**Given records:**
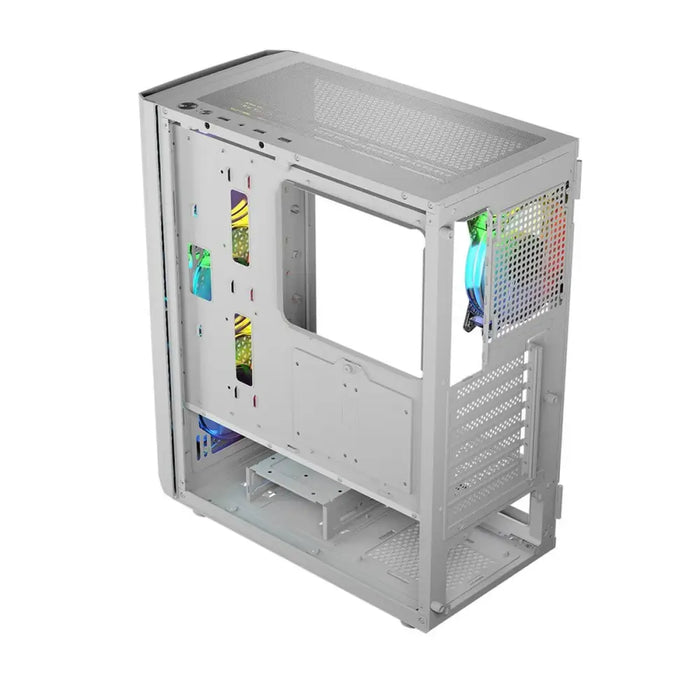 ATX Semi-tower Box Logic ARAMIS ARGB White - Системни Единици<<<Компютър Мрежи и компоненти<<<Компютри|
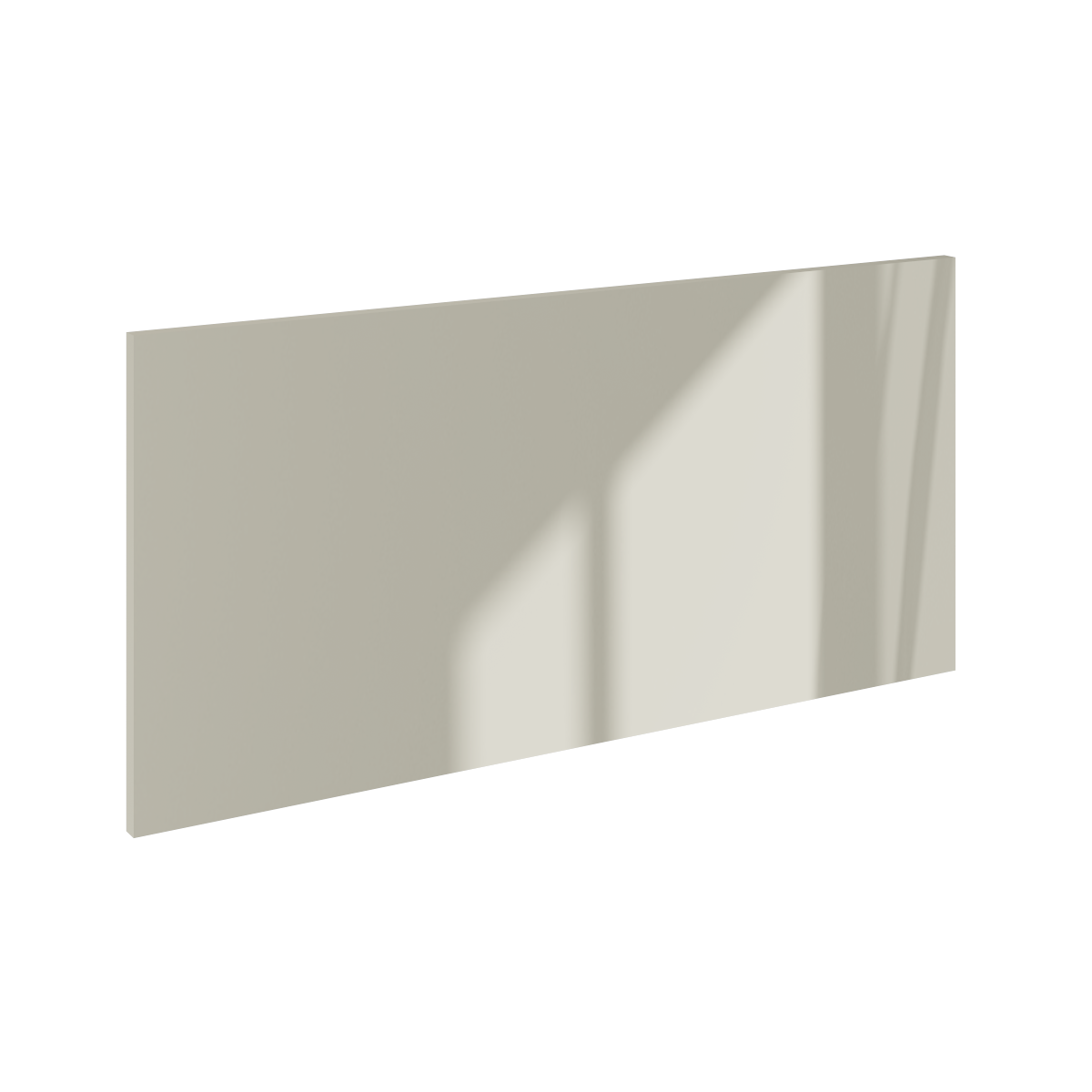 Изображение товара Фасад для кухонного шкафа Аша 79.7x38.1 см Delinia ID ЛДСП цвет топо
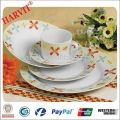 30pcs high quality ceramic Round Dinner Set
* * *
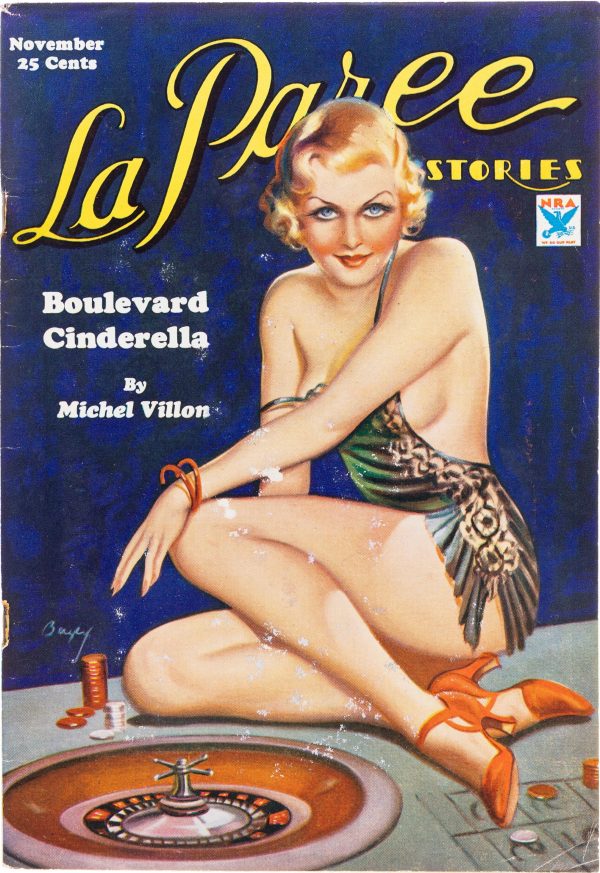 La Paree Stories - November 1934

**Task objective:** Above is the material; set down exactly its lines from the one containing "ATX Semi-tower Box" down to the one containing "30pcs high quality ceramic Round Dinner Set", both included, leaving out any pictures.

**Answer area:**
 ATX Semi-tower Box Logic ARAMIS ARGB White - Системни Единици<<<Компютър Мрежи и компоненти<<<Компютри|
 Изображение товара Фасад для кухонного шкафа Аша 79.7x38.1 см Delinia ID ЛДСП цвет топо
 30pcs high quality ceramic Round Dinner Set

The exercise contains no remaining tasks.